[Records for this task]
··········

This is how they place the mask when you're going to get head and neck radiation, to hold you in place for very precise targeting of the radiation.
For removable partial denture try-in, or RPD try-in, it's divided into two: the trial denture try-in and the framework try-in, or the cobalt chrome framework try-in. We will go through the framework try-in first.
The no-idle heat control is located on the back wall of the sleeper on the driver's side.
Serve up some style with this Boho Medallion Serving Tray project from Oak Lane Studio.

··········

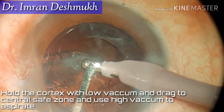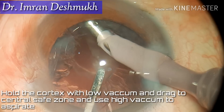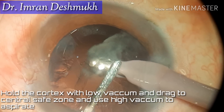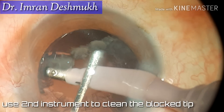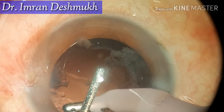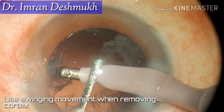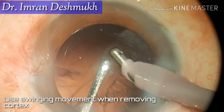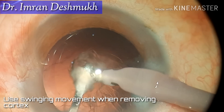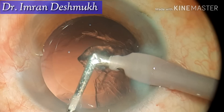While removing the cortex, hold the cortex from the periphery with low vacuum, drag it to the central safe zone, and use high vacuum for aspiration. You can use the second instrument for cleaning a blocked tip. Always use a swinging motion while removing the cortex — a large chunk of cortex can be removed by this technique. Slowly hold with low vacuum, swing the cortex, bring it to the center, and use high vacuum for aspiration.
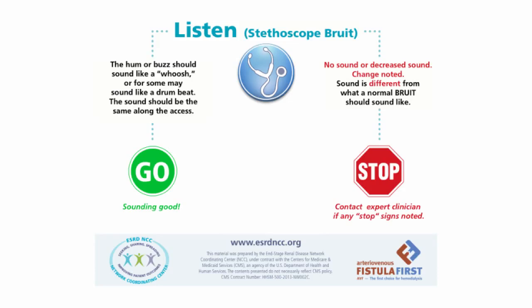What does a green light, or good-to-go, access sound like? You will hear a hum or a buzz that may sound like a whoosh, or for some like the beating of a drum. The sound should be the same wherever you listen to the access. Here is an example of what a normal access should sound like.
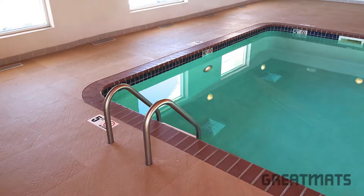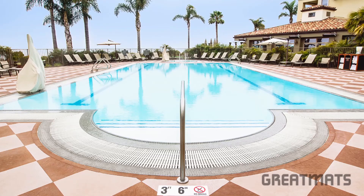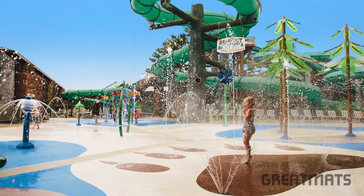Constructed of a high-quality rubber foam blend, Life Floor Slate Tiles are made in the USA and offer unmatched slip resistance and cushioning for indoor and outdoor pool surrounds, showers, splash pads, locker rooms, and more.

··········

[Assigned task] Among the lines above, repeat exactly those from the line with "The no-idle heat" to the line with "Serve up some", counting both ends.

[Reply to the exercise]
The no-idle heat control is located on the back wall of the sleeper on the driver's side.
Serve up some style with this Boho Medallion Serving Tray project from Oak Lane Studio.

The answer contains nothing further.